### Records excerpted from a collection
Segment Open

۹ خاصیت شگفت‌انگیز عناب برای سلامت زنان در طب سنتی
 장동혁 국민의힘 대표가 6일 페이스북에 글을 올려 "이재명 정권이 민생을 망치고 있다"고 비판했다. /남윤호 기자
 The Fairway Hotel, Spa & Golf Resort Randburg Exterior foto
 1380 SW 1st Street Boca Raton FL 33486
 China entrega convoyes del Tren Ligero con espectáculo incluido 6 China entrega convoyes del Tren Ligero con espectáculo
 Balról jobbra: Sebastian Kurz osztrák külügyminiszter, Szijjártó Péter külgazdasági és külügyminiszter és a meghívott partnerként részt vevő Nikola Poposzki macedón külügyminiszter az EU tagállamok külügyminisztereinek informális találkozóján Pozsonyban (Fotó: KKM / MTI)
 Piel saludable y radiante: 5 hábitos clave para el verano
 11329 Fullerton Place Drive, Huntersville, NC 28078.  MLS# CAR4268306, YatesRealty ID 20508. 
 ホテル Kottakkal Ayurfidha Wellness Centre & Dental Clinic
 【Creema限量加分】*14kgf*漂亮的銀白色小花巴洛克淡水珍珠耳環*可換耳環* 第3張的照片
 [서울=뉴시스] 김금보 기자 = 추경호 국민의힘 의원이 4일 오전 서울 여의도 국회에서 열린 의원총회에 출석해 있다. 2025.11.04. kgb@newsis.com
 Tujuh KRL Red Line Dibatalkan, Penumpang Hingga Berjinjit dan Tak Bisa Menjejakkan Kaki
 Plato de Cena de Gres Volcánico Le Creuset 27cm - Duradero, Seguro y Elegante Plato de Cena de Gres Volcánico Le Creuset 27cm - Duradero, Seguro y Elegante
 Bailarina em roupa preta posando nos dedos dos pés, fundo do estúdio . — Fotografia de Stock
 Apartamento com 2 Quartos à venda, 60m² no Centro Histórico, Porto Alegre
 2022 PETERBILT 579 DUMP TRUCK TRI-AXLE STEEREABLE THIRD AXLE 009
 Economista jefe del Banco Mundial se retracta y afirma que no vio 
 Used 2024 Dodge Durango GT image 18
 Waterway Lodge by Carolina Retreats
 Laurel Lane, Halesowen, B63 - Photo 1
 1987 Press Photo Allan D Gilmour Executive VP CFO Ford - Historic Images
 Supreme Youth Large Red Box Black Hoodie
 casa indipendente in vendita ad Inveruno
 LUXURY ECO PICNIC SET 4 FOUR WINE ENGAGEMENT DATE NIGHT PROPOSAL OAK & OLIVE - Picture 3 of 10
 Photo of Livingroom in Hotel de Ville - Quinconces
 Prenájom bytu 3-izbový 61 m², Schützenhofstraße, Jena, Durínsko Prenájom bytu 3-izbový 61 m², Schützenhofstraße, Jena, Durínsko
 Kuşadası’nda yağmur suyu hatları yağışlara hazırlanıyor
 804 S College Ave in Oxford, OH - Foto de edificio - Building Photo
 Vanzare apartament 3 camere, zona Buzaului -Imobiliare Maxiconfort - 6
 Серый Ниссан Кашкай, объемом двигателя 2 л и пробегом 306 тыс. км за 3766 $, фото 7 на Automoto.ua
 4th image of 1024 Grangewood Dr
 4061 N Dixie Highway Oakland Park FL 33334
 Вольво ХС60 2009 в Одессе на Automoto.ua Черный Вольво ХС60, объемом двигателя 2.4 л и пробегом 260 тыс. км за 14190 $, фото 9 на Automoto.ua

Segment Closed

### What the exercise asks
Work through the data and report how many of its lines hold the word "Hotel", giving only the figure.

### Task output
2